Ma è davvero una pratica da leggere esclusivamente in chiave religiosa oppure c’entrano anche esigenze di igiene e di prevenzione del tumore del pene?

Igiene intima maschile
Ci sono giornate mondiali dedicate all’importanza di lavarsi le mani (il 5 maggio di ogni anno – https://www.who.int/infection-prevention/campaigns/clean-hands/5may2019/en/), non ce ne risulta invece nessuna sull’importanza dell’igiene intima. Un ambito in cui noi uomini, nessuno si senta offeso, abbiamo un po’ da imparare, soprattutto se paragonati alle donne…

Ricordo di aver visto un cartone animato, con scopo didattico, che mostrava come dovremmo lavarci nelle zone intime. Era rivolto all’infanzia. E nel video si vedevano bambini che facevano le loro abluzioni. L’attenzione era riposta anche alle zone intime, visto che se la pulizia quotidiana (due volte al giorno, con prodotti delicati) non viene effettuata correttamente, il rischio di infezioni c’è. Eccome.

Rischio maggiore di infezioni in caso di fimosi
La fimosi è il restringimento dell’orifizio prepuziale. Ci si può nascere, oppure può essere acquisita anche in età adulta, a causa di ripetute infiammazioni del glande. Ma non solo, anche come complicanza del diabete e per la presenza di patologie dermatologiche come il Lichen.

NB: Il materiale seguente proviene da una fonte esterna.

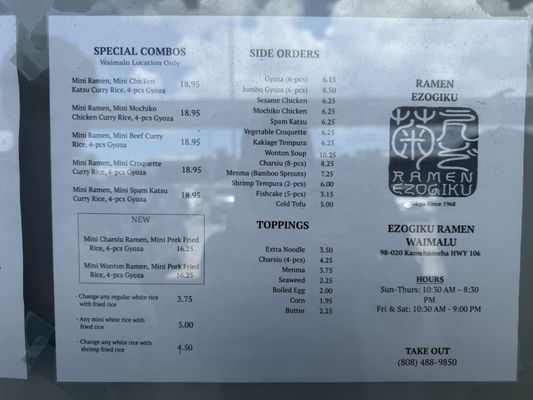 Menu photo 2 Ezogiku Aiea, HI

Ne parliamo perché si tratta di un serio impedimento per l’igiene intima, visto che tale condizione impedisce la normale igiene intima con impossibilità a rimuovere lo smegma, ovvero la commistione della secrezione delle ghiandoline con l’aggiunta della desquamazione delle cellule del prepuzio e del glande, che così favorisce la crescita dei microorganismi (germi e funghi) soprattutto se esistono condizioni favorenti (es. diabete), portando al rischio di balaniti e balanopostiti (infiammazioni del glande e del prepuzio). Per questo è importante che

si sollevi il glande durante il lavaggio, per essere sicuro di rimuovere bene le secrezioni che si raccolgono nel solco balano-prepuziale (Fonte: AIDECO – Associazione Italiana Dermatologia e Cosmetologia).

Il problema da questo momento in poi non riguarda solo noi uomini. Ma riguarda anche la partner (può portare a vaginiti, cerviciti etc.), per non parlare dell’aumentato rischio di infiammazioni per l’uomo stesso (la pelle del prepuzio diventa anelastica con esiti in fimosi cicatriziale, con difficoltà o addirittura impossibilità a scoprire il glande).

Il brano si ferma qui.